The Turkish central bank is employing short-term borrowing to bolster the lira. Investors and currency traders are uneasy with the actions. Laura Pitel and Adam Samson report for the FT:
Turkey’s central bank has bolstered its foreign currency reserves with billions of dollars of short-term borrowed money, raising fears among analysts and investors that the country is overstating its ability to defend itself in a fresh lira crisis.
Reported net foreign reserves held by the central bank stood at $28.1bn in early April — a sum that investors already believed was inadequate because of Turkey’s heavy need for dollars to cover debt and foreign trade. But calculations by the Financial Times suggest that this total has been enhanced by an unusual surge in the use of short-term borrowing, or swaps, since March 25. Stripping those swaps out, the total is less than $16bn.
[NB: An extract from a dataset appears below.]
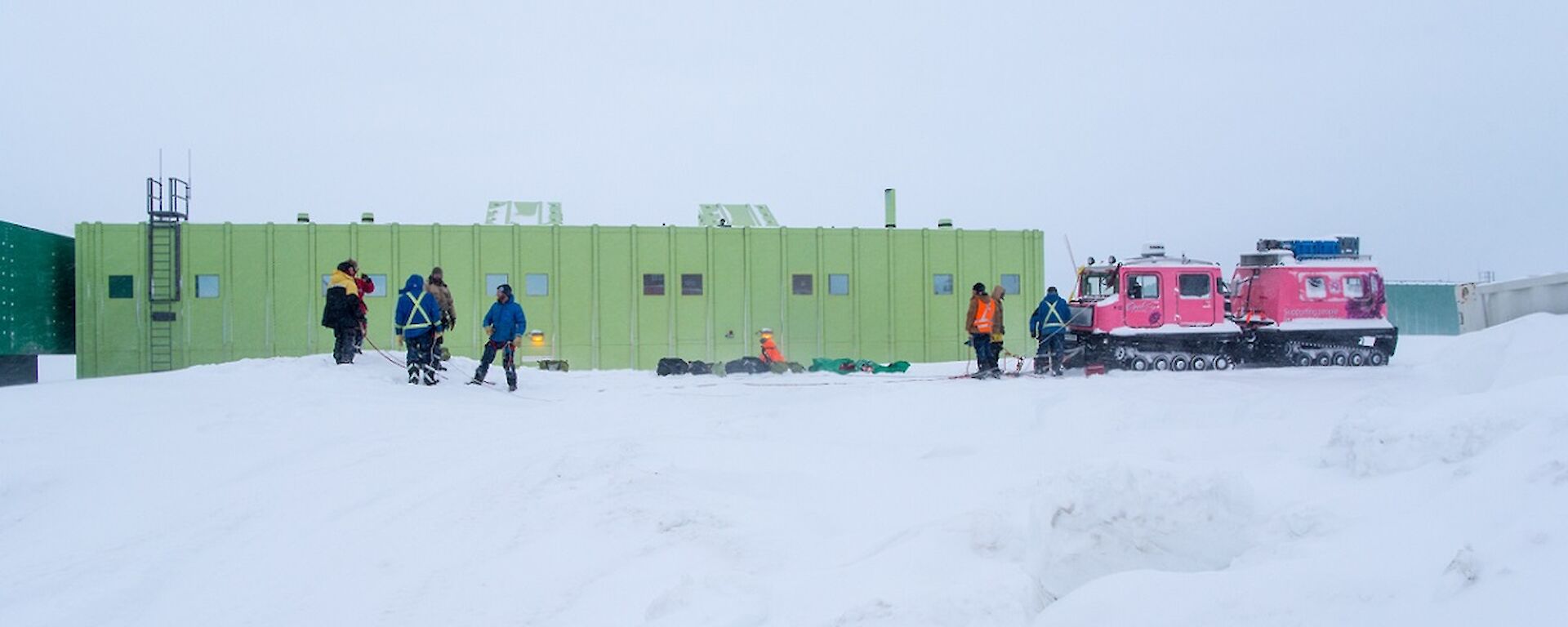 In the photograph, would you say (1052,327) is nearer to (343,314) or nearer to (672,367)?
(672,367)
Analysts and investors, already skittish about putting money to work in Turkey given the direction of economic policy under President Recep Tayyip Erdogan, are concerned that the state of the financial defences leaves the country ill-equipped to deal with any potential market crisis.
The lira dropped as much as 1.9 per cent in morning dealings in London on Thursday, reaching TL5.847, the weakest point since October 2018, Refinitiv data show.
In a written response to questions from the Financial Times, the central bank acknowledged publicly for the first time that its use of currency swaps “may impact reserve figures”, but said its method for accounting for them was in “full compliance with international norms”.
However, some market watchers were uncomfortable. “I don’t think these are conventional operations and they are somewhat less than transparent,” said Julian Rimmer, an emerging-market equities trader at Investec Bank. He added: “A central bank cannot risk being seen as economical with the truth.”